**Dataset content**
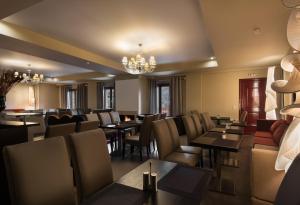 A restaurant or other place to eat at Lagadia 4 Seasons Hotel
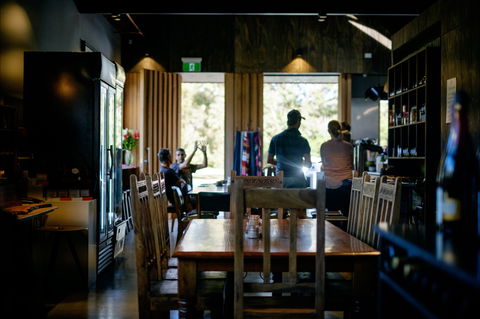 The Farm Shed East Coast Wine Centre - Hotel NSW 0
---
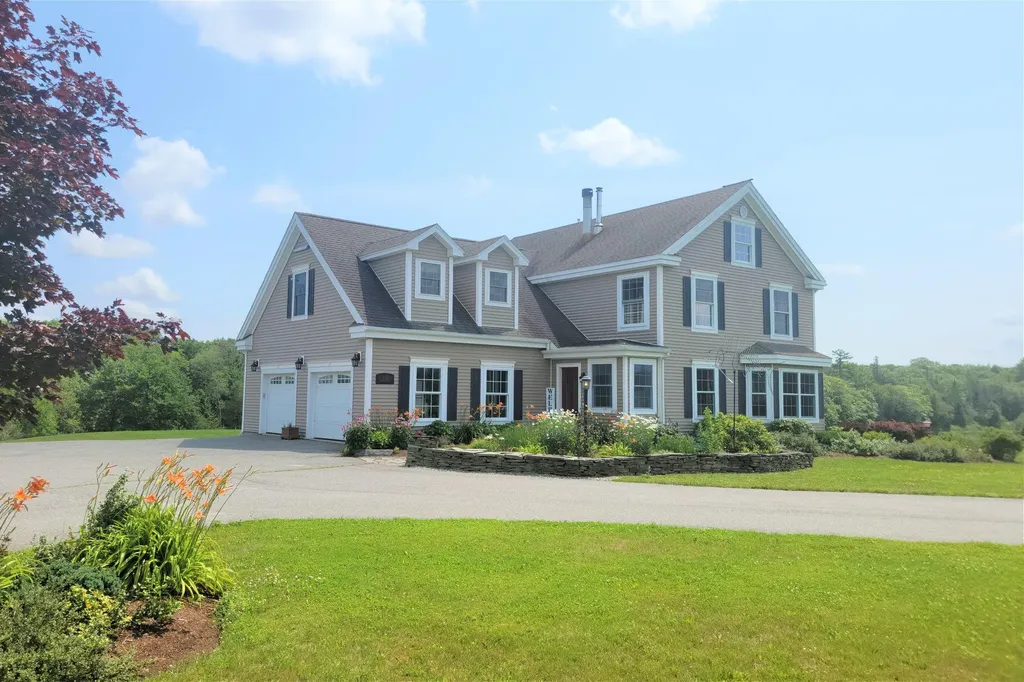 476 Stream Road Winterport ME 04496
==
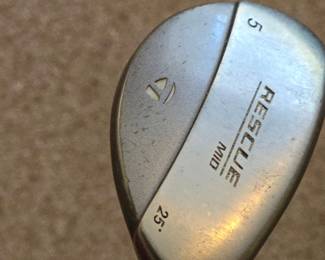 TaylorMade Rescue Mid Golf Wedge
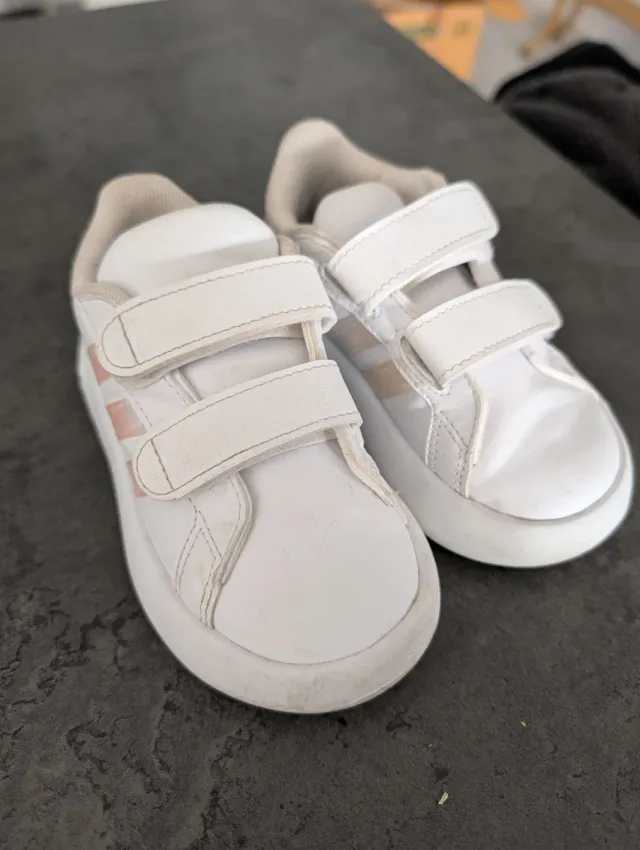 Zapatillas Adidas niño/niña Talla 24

**Instructions to follow**
An exact copy is needed of the stretch above that opens with the line containing "TaylorMade Rescue Mid Golf Wedge" and closes with the line containing "Zapatillas Adidas niño/niña Talla 24"; the pictures are not part of it.

**Exercise solution**
 TaylorMade Rescue Mid Golf Wedge
 Zapatillas Adidas niño/niña Talla 24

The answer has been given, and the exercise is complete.